Using a key punch machine designed to originate the interchangeable core keys can eliminate these problems. The key punch machine vise jaw is designed specifically for interchangeable core keys. In addition, the cutter is specifically designed for the origination procedure, having the correct flat and fixed depths and spacing. Standard spacing for interchangeable cores is .150” cut-to-cut. Some security products have different spacing.
The following is a list of interchangeable core key punch machines:
- A1 Security Manufacturing PAK-1C handheld key punch machine
- A1 Security Manufacturing Mean Green Machine GP201-A2
- Best Combinator
- Pro-Lok BP201IC
- Rytan RY2000 A2
Before purchasing a punch machine, make sure the vise jaws are designed to secure the keyway you plan on originating keys.

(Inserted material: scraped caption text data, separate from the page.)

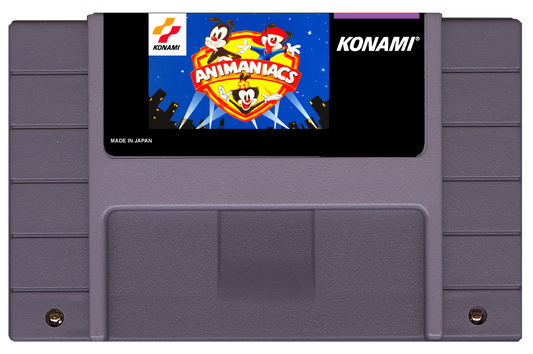 Animaniacs (SNES Compatible) - Reproduction Video Game Cartridge with Case and Manual image 1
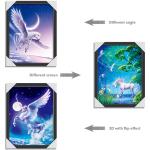 CMYK Printing Image 3D Lenticular Printing Service PET / PP Animal Pictures for sale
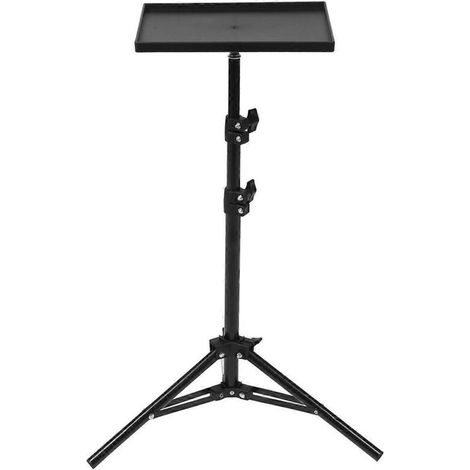 Support de projecteur à plateau élévateur télescopique pour diffusion en direct - Noir (1/5)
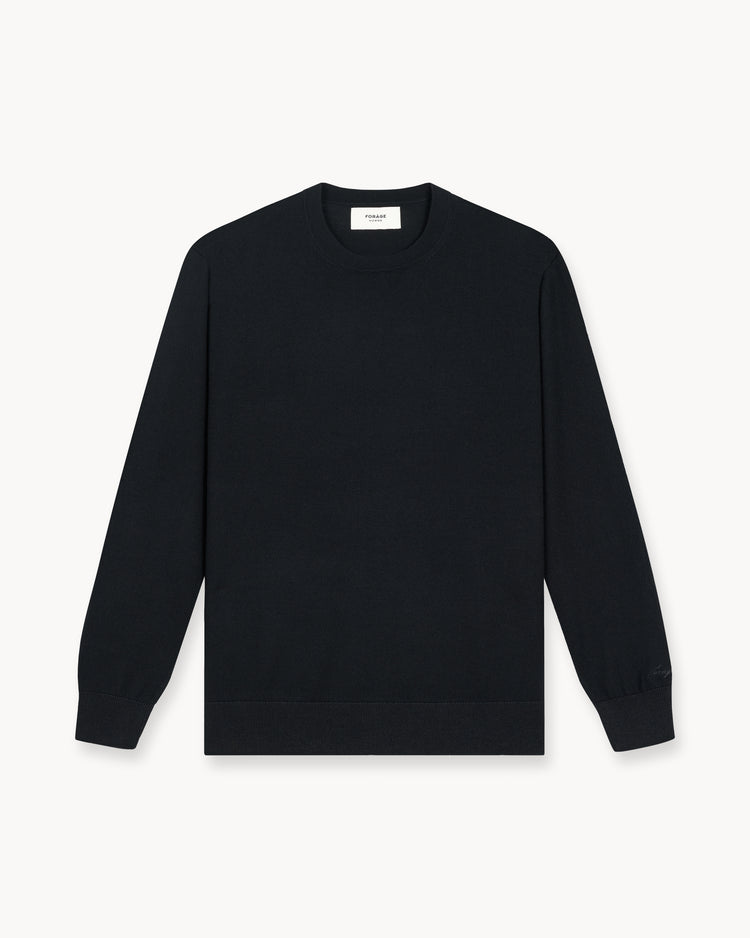 Merino Crewneck (Black)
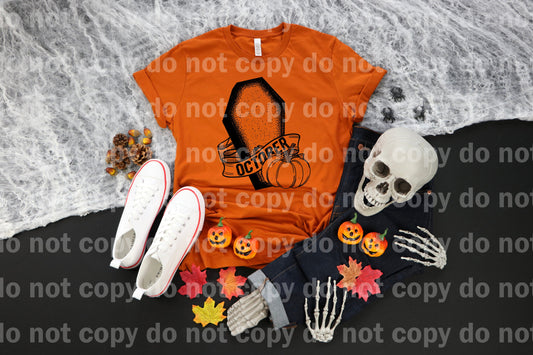 October Coffin Pumpkin Dream Print or Sublimation Print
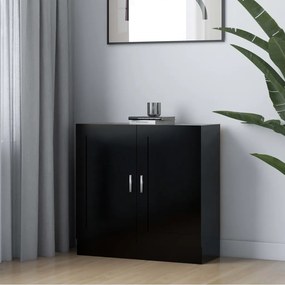 vidaXL Βιβλιοθήκη Μαύρη 82,5 x 30,5 x 80 εκ. Επεξ. Ξύλο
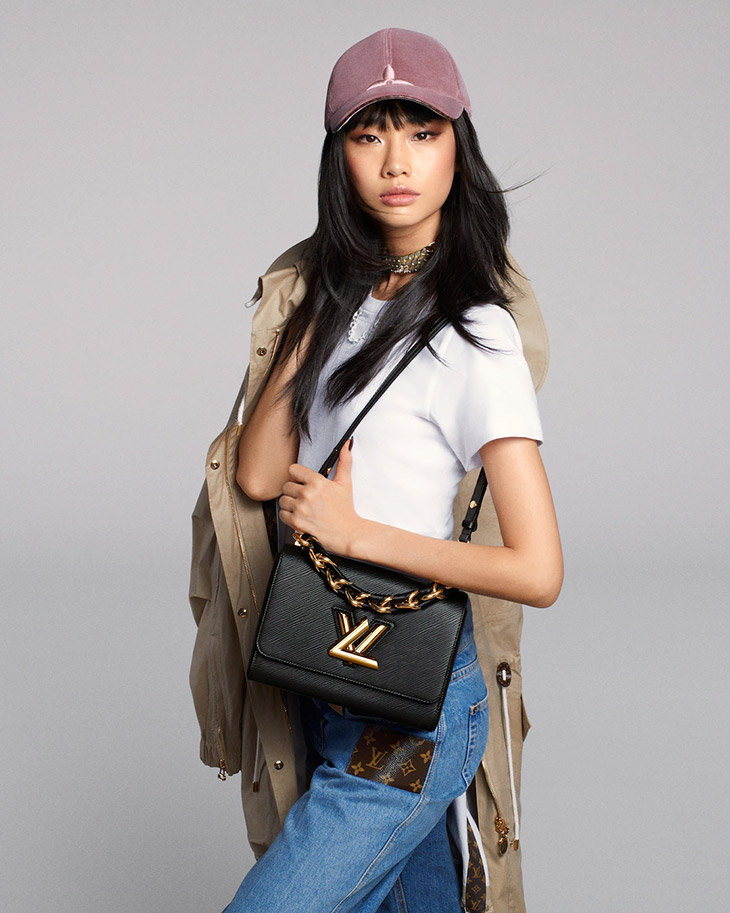 Hoyeon Jung Louis Vuitton Twist Bag Campaign Spring 2022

For example, the Pro-Lok BP201IC will originate keys for the A2 System using the A-R, TA-TE and W key blades. The A1Security Manufacturing PAK-1C, Pro-Lok BP201IC and the Rytan RY2000 IC punch machines can be modified to originate A3 and A4 system keys.
Many years ago, Best sold an older style punch machine for the A2, A3 and A4 systems. They were color-coded for easy identification. The A2 system punch machine is red. The A3 system punch machine is green. The A4 system punch machine is orange.
KEY BLANKS & DECODERS
IC key blanks are available from core producers and aftermarket key blank manufacturers. There are more than 30 known keyways manufactured for Best key systems. In addition, other manufacturers offer their own keyways. Depending upon the aftermarket key blank manufacturer, key blanks can be available in different configurations including the standard head and with “Do Not Duplicate” marked into the head. Note: The “Do Not duplicate” key blank marking is not legally binding in many parts of the world.
Key decoders are metal plates with one or more reducing slot used to determine the depths of cut in a key. The key is inserted into the slot along one of the cuts flat. As the key slides, the slot becomes smaller, eventually indicating the depth of cut. Interchangeable core key decoders are available in different configurations. Some have only a single slot, while others have three slots for the A2, A3 and A4 Systems.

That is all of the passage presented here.